Эта абстрактная всеобщая педагогическая наука во всех своих прежних образах — подруга естественной психологии и естественного права, абстрактной национальной экономики и учения о государстве. В то время как историческая школа давно и повсеместно вытеснила естественную систему и обратилась к историческому подходу, педагогика так и осталась в отстающих. В современной науке она — аномалия. Пренебрежение, с которым к ней относятся, основано на правомерном ощущении, что она еще не является наукой в современном понимании. Она оперирует большими историческими конструкциями воспитательного процесса, которые берут начало в этосе отдельных народов, слепая в отношении глубокой исторической мысли и рационального видения того, что есть. Однако эту педагогику нельзя заменить и анализом исторических форм обучения (в смысле исторической школы). Еще только начала решаться задача — соотнести с нашими знаниями культурного контекста архивные и печатные материалы, школьные распоряжения, учебники, а также опубликованные высказывания частных лиц о результатах образования. Не так ценна будет чисто историческая работа с этими материалами: мы ведь, в конце концов, хотим знать не только то, как дела обстояли раньше. Наше время, как и любое другое, требует правил воспитания. Если историческая школа обращается только к былому, она

не сможет заменить собой уничтоженную естественную школу. Таким образом, и в этой области, так же, как и в родственных ей сферах этики, поэтики, политэкономии, перед наукой встает вопрос: в какой точке из знаний о том, что было, возникает закон о том, как должно быть?

II. Свойства душевной жизни, которые делают возможной систему правил воспитания

Законы, по которым человек действует, могут обуславливаться другими правилами и целями, а затем зависеть от них. Таковы и правила воспитания, поскольку оно не является целью само по себе, а служит средством развития душевной жизни. Или же правила являются выражением воли, чье направление определяется содержанием независимой от нее цели. В таких правилах должна отражаться жизненная задача. До сих пор не удалось вывести всеобщую, общепризнанную цель жизни из метафизического миропорядка. Опыт подсказывает, что и не удастся в обозримом будущем. Таким образом, только в самой душевной жизни можно отыскать телеологию, которая, наконец, найдет выражение в каждом универсальном положении относительно смысла жизни, в каждом таком законе действий.

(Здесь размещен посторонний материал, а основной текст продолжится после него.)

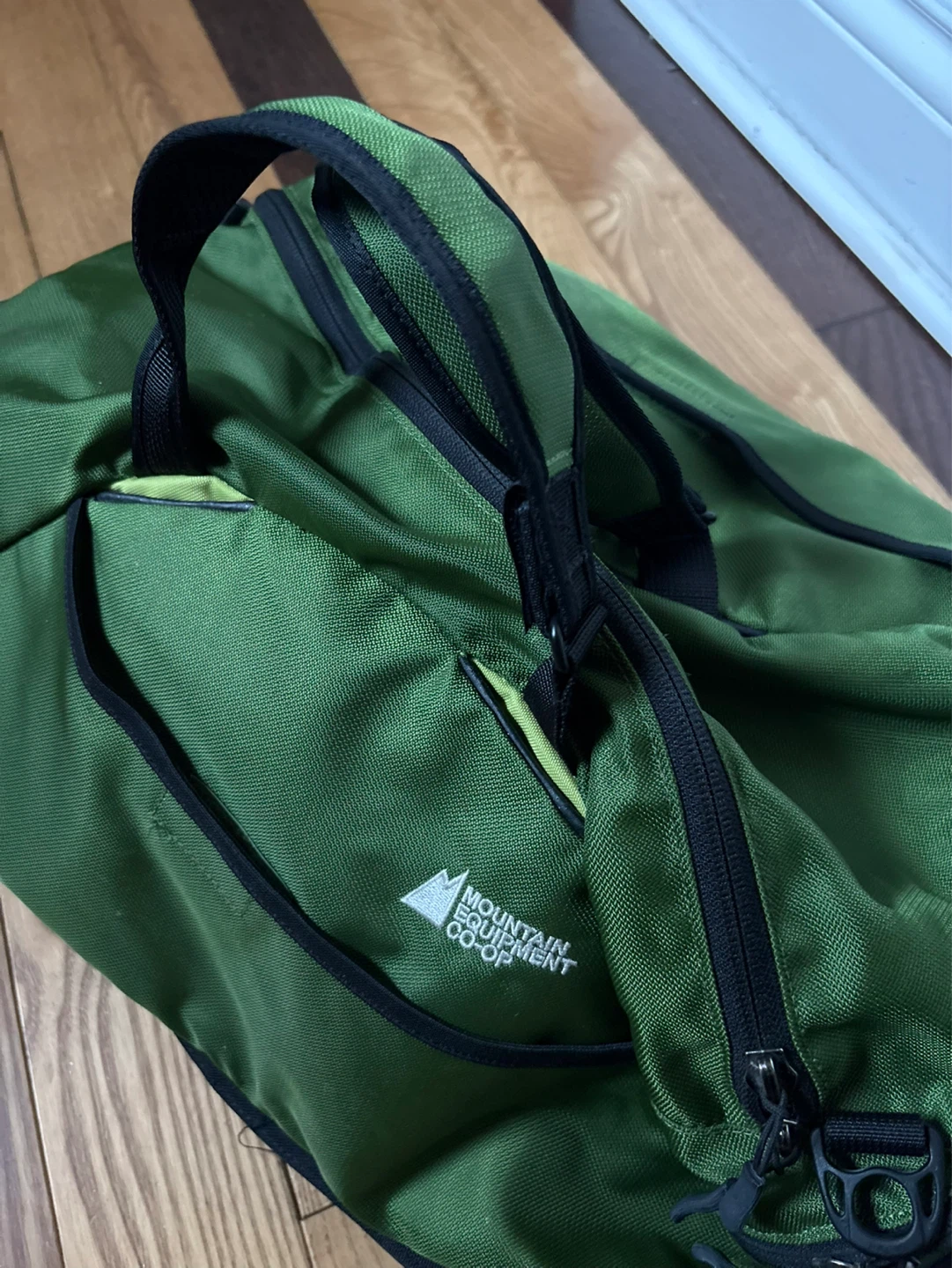 Vintage MEC Mountain Equipment Coop duffle bag crossbody pack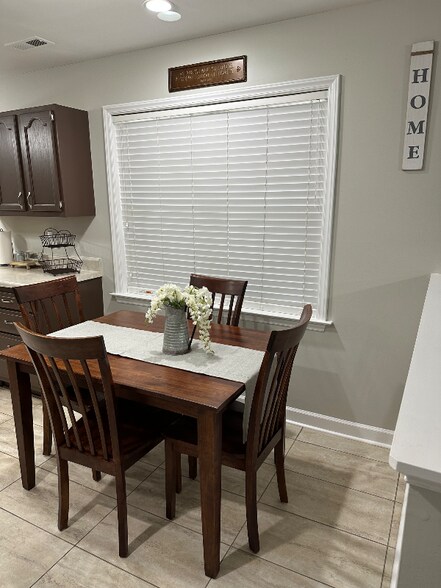 Building Photo - 1642 Thompson Dr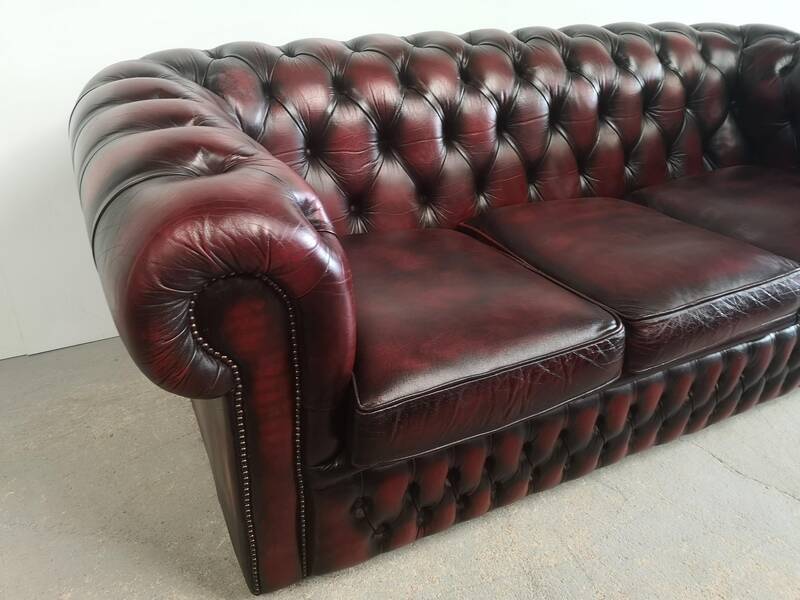 Three-seater chesterfield burgundy leather sofa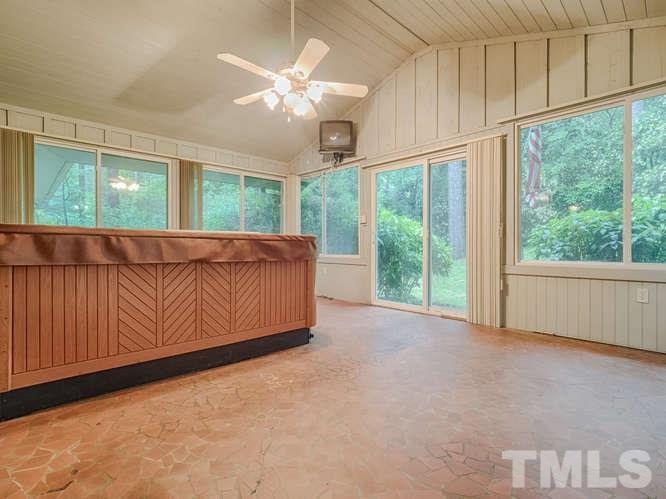 1405 Onslow Road Raleigh, NC 27606 - Photo 4 of 30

Мы рассматриваем любое чувствующее, изменяющееся существо с точки зрения сохранения или улучшения его собственного существования или существования всего вида. Действия такого характера мы называем целесообразными. Вообразим себе существо, чье понимание целесообразности рождалось бы из его собственного восприятия причинно-следственных связей между его организмом, его действиями и внешним миром. Такое существо с момента своего рождения имело бы представление о свойствах воздуха, наиболее пригодного для дыхания, и выбирало бы себе подходящий воздух. Оно бы знало, какая температура для него оптимальна, какая пища ему наиболее полезна, и с самого детства обустраивало бы свою жизнь сообразно этим теоретическим знаниям. Это было бы маленьким чудом разума, так как целесообразность его действий зависит от того, насколько они соотносятся со знаниями, которые с рождения находятся в его распоряжении как некая разновидность всеведения. На самом деле именно эту задачу выполняют наши чувства, несовершенным, усеченным образом. Чувства занимают позицию между образами и представлениями, с одной стороны, и побуждения-

ми, движениями воли или действиями — с другой. Это устройство носит телеологический характер, который состоит в структуре нашей духовной жизни, сообразно которой наши чувства и представления включают в игру побуждения, а те влияют на поступки, причем так, что эти чувства выражают ценность воспринятого на уровне идей для нашего психофизического естества очень приблизительно, даже несовершенно, ограниченно. Так наши вкусовые ощущения сопровождаются чувством безусловного отторжения вредной пищи в любых обстоятельствах. Подобным же образом чувства, которыми сопровождается процесс дыхания, учат нас избегать отравленного воздуха. В этой связи боль является преимущественным спутником действий, могущих повредить телу, а удовольствие соответствует полезным событиям.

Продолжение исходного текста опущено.